L’article 19 règle la question de la prise en charge et de la répartition des frais occasionnés par les opérations d’extradition ou de transit.

L’article 20 énonce que le présent traité ne porte pas atteinte aux droits et engagements des parties résultant de tout autre traité, convention ou accord. Conformément aux termes d’un échange de lettres interprétatives réalisé au mois d’août 2010, cette disposition permet à chacun des États d’exciper, dans la mise en œuvre du présent traité, en tant que besoin, du nécessaire respect des stipulations inhérentes aux autres accords internationaux auxquels l’un ou l’autre ou les deux États sont d’ores et déjà parties.

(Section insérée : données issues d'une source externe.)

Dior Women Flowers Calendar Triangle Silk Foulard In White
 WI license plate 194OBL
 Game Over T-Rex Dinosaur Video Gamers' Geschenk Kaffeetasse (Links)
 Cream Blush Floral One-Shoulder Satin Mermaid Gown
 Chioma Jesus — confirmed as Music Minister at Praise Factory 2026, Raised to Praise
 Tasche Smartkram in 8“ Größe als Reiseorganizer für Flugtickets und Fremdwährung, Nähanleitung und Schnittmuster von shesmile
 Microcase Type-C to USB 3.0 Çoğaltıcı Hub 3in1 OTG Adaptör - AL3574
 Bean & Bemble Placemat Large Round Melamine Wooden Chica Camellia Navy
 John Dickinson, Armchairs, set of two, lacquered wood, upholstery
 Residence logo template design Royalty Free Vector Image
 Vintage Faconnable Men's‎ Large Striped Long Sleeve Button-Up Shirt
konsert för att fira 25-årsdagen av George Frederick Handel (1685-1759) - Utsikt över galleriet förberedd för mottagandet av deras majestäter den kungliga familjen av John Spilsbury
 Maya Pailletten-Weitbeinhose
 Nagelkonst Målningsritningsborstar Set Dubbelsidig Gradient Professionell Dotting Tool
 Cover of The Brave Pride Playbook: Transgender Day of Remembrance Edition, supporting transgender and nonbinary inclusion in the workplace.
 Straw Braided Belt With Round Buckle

Les articles 21 à 23, de facture classique, fixent les modalités de règlement des différends, d’application dans le temps, d’entrée en vigueur et de dénonciation du présent traité.

Telles sont les principales observations qu’appelle le traité d’extradition entre la République française et la République populaire de Chine signé à Paris le 20 mars 2007 qui, comportant des dispositions de nature législative, est soumis au Parlement en vertu de l’article 53 de la Constitution.


PROJET DE LOI

Le Premier ministre,

Sur le rapport du ministre d’État, ministre des affaires étrangères et européennes,

Vu l’article 39 de la Constitution,

Décrète :

Le présent projet de loi autorisant la ratification du traité d’extradition entre la République française et la République populaire de Chine, délibéré en conseil des ministres après avis du Conseil d’État, sera présenté à l’Assemblée nationale par le ministre d’État, ministre des affaires étrangères et européennes, qui sera chargé d’en exposer les motifs et d’en soutenir la discussion.

Article unique

Est autorisée la ratification du traité d’extradition entre la République française et la République populaire de Chine signé à Paris le 20 mars 2007, et dont le texte est annexé à la présente loi.

Fait à Paris, le 16 novembre 2011.

Signé : François FILLON

Par le Premier ministre :
Le ministre d’État, ministre des affaires
étrangères et européennes


Signé :
Alain JUPPÉ

1 () Accord signé à Paris le 18 avril 2005 et entré en vigueur le 20 septembre 2007.